What is required:
Retype the complete listing without any change.

Information supplied:
————————

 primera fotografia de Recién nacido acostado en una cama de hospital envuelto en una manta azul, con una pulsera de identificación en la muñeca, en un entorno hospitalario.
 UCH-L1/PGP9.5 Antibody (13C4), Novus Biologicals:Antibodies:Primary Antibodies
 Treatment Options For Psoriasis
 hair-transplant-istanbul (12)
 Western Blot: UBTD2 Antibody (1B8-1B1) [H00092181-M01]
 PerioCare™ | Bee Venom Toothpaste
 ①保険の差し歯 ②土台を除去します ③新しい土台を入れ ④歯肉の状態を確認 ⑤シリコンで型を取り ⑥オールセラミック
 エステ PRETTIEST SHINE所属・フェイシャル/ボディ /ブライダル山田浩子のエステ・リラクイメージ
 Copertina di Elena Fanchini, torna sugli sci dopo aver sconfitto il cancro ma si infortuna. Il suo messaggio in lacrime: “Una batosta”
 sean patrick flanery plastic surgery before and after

————————

Task response:
 primera fotografia de Recién nacido acostado en una cama de hospital envuelto en una manta azul, con una pulsera de identificación en la muñeca, en un entorno hospitalario.
 UCH-L1/PGP9.5 Antibody (13C4), Novus Biologicals:Antibodies:Primary Antibodies
 Treatment Options For Psoriasis
 hair-transplant-istanbul (12)
 Western Blot: UBTD2 Antibody (1B8-1B1) [H00092181-M01]
 PerioCare™ | Bee Venom Toothpaste
 ①保険の差し歯 ②土台を除去します ③新しい土台を入れ ④歯肉の状態を確認 ⑤シリコンで型を取り ⑥オールセラミック
 エステ PRETTIEST SHINE所属・フェイシャル/ボディ /ブライダル山田浩子のエステ・リラクイメージ
 Copertina di Elena Fanchini, torna sugli sci dopo aver sconfitto il cancro ma si infortuna. Il suo messaggio in lacrime: “Una batosta”
 sean patrick flanery plastic surgery before and after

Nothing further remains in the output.